1.1. Les interdépendances structurelles, conséquence du processus d’intégration
Au lendemain de la Seconde Guerre mondiale, l’ensemble des nations occidentales expriment la
volonté de rétablir l’efficacité économique grâce à la réalisation d’un grand marché, pour
permettre à l’Europe de jouer à nouveau un rôle dans les affaires mondiales.
À cette fin, les États européens acceptent l’aide américaine (le plan Marshall) et doivent en
contrepartie accepter de coordonner leur plan de reconstruction nationale, en signant un pacte
bilatéral avec les États-Unis. Les conditions associées à ce pacte impliquent d’équilibrer son
budget, de rétablir la stabilité financière intérieure, de stabiliser son taux de change à un niveau réaliste
et de mettre en oeuvre un programme visant à supprimer les quotas et autres obstacles entravant le
commerce2. Ces conditions semblent nécessaires pour éviter les événements ayant caractérisé les
années 30 : le retour à l’étalon-or, les dévaluations en chaîne et la perpétuation de la « flexibilité
impure »3. L’accord de Bretton Woods (juillet 1944), élaboré à partir du Plan White, s’engage à
démanteler tout obstacle aux échanges, établit la nécessité de parités monétaires fixes et
consacre en quelque sorte l’hégémonie américaine4.
R. Leonardi5 souligne par ailleurs que le seul moyen pour l’Europe de retrouver un rôle au sein
de l’économie mondiale est d’unir ses forces à travers un processus d’intégration politique et
économique, en remplacement du système d’États-nations prévalant jusque là.
Ce processus d’intégration s’illustre par la création d’un espace économique unifié où, par
définition, les échanges entre un nombre restreint de partenaires européens sont privilégiés par
rapport à ceux entretenus avec le reste de l’économie mondiale.
L’intégration dépasse donc les simples notions d’ouverture vers l’extérieur ou de libre échange,
qui envisagent le développement de relations de nature commerciale, économique ou financière
entre les pays ou la suppression de tout obstacle aux échanges, mais qui ne prennent pas en
compte la constitution d’un espace économique unifié.
2 B. Eichengreen et P. B. Kenen [1995a, p.21]
3 P. Guillaume et P. Delfaud [1992, p.201]

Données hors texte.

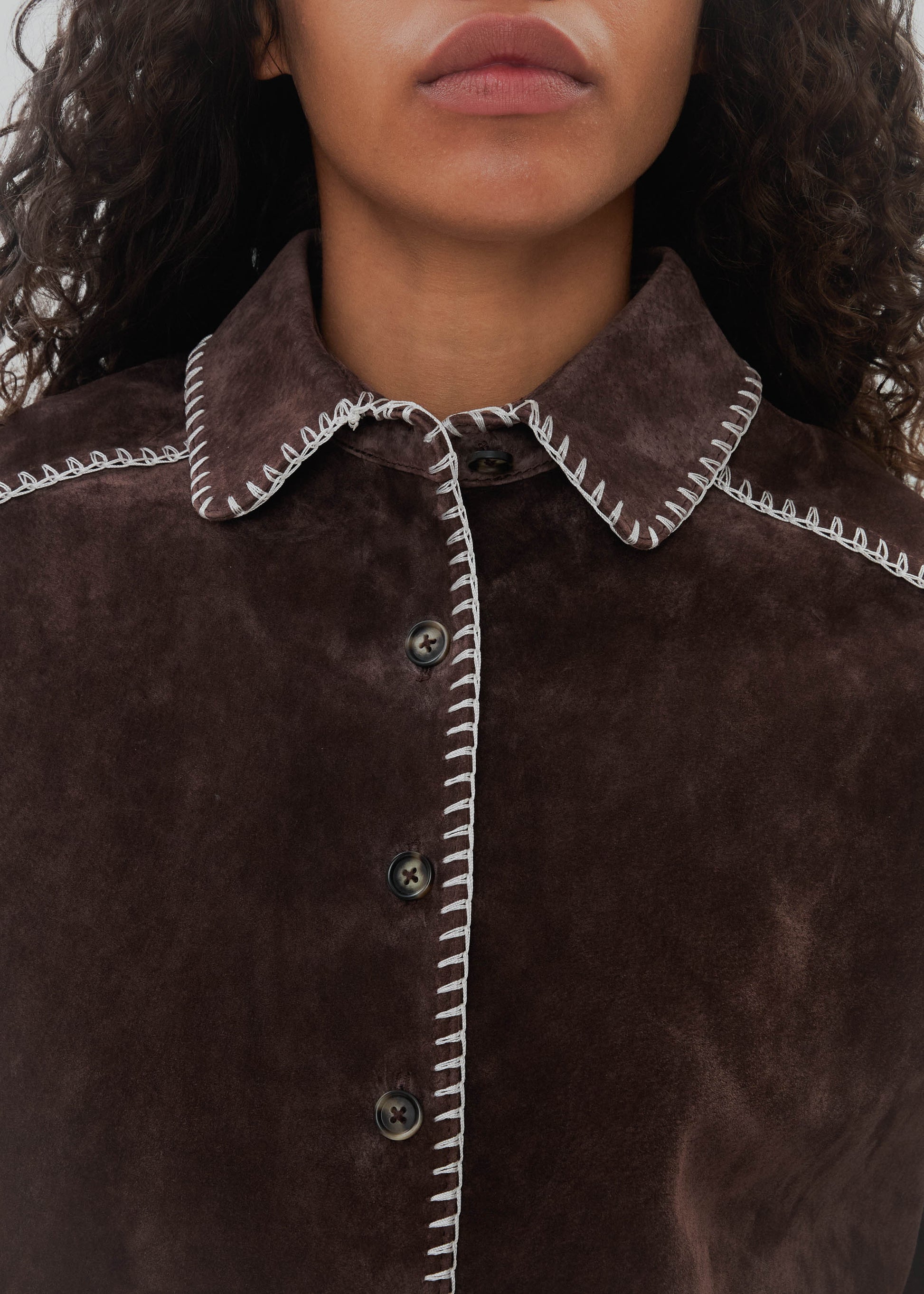 Close-up of a brown textured garment with white stitching details.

4 B. Eichengreen [1995b, p.5] cite la « théorie de la stabilité hégémonique » de C. Kindleberger [1986], qui associe la
réussite de taux de change fixes avec l’existence d’une position hégémonique économique internationale par une
puissance dominante. La stabilité des taux de change est considérée comme un bien public international, dont tous
les membres du système monétaire international tirent avantage. La chute de l’étalon-or entre les deux guerres
reflète à ce titre une hégémonie imparfaite, avec un système déstabilisé par l’absence d’une puissance économique
dominante supervisant son fonctionnement. À l’inverse, le fonctionnement plutôt fluide du système de Bretton
Woods pendant un quart de siècle est attribuable à l’influence bénéfique de l’hégémonie américaine.